THE JUMP CUT – senior year’s over and i know it’s a stupid fucking thing to be upset about during a LITERAL GLOBAL PANDEMIC where people are losing and risking their lives and entire livelihoods are being upended but i still... can’t help but feel upset and terrified and devastated about what i’ve always viewed as this buffer period in my life between high school and college to just VIBE and figure myself out a little bit more being cut short. especially when, for once, things were going so well.  

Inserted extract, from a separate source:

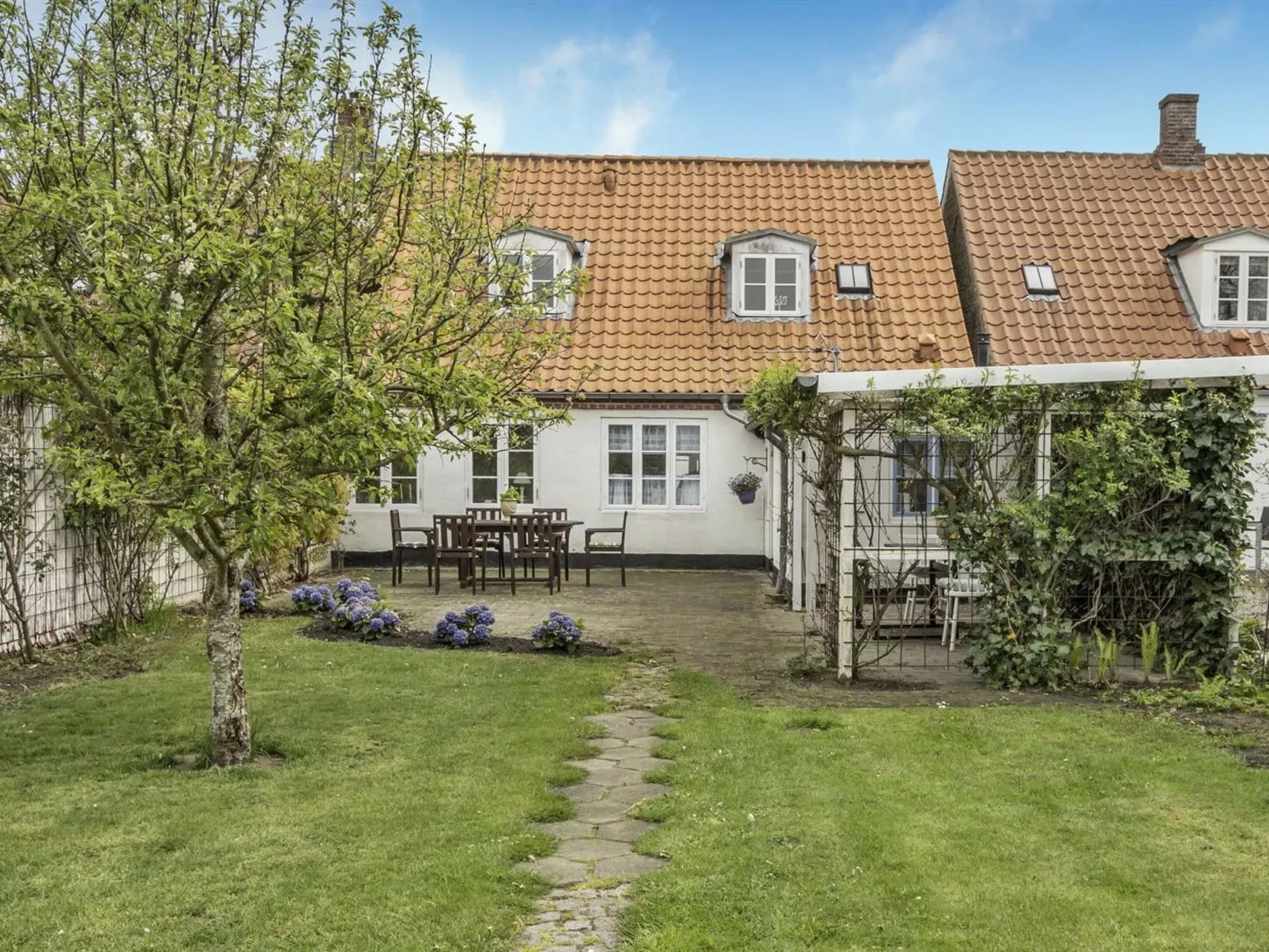 "Ajna" - 9.8km from the sea-Buiten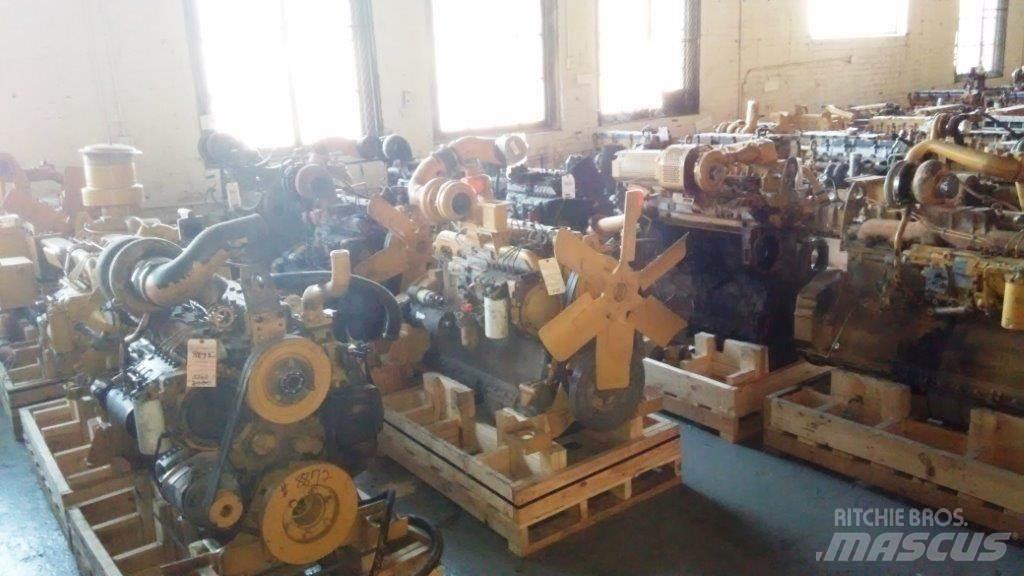 CAT 3306DITA 引擎/發動機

god, the last thing i wanna do is sound dramatic and utterly tone deaf because I RECOGNIZE my privilege and how incredibly fortunate i am to have a roof over my head and food in my fridge and a bed with a damn duvet cover to sleep in at night but i’m... so fucking sad. i’ve BEEN so fucking sad, and i think what’s even worse is the fact that i’ve been DENYING how fucking sad i’ve been feeling because i don’t think i’m... allowed to be sad in this situation? but at the same time i consciously understand that my feelings are valid and everything... it just feels like legitimately everything else in the world right now dwarfs all my concerns combined. but alas. here i am, making a blog post about my feelings to finally try and sort them out...
i just aghsdfhxhzjlk i wasn’t finished. that really is the best way to put it. i wasn’t finished with any of it. and i suppose a lot of that is my own fault for taking all the good times for granted (but also lowkey the fault of idek who... american society? for romanticizing and commodifying the culmination of high school oop)/
i feel like so many people focus on those big milestone events associated with senior year: prom, graduation, senior awards, etc. but to me personally, and to nearly every one of the friends i’ve talked to, it’s the little things that matter most — the absence of which we feel the deepest. i miss spilling coffee on myself in the cafeteria and burning frozen pastries in the toasters and complimenting people’s outfits in the hallways and staying in the building from dawn till dusk and eating takeout on the floor and hastily texting my friends at the end of the school day asking if they wanted to hang out or if they could give me a ride home and i MISS spontaneous sushi and starbucks excursions and quiet heart to hearts in coffee shops and last minute target runs and stressing out about music events and belting in the practice rooms and learning choreography in parking lots where confused drivers would momentarily glance over and just KEEP ON DRIVING and lying on the ground in one of the school’s hallways facing the sun when the light would hit JUST RIGHT through the glass and i could close my eyes and pretend i was at the beach or on an island or in a canyon somewhere or SOMETHING, anywhere, anywhere but there. and i feel this chasm in my throat whenever i think about it because looking back at those moments, i realize that there’s literally no place i’d rather be right now than inside my high school building on a normal ass day dealing with normal ass problems with exceptional, radiant, life-giving souls there to have my back and support me and hug me wow, GOD, hug me. wow how i miss hugs. and I miss my friends. shit. 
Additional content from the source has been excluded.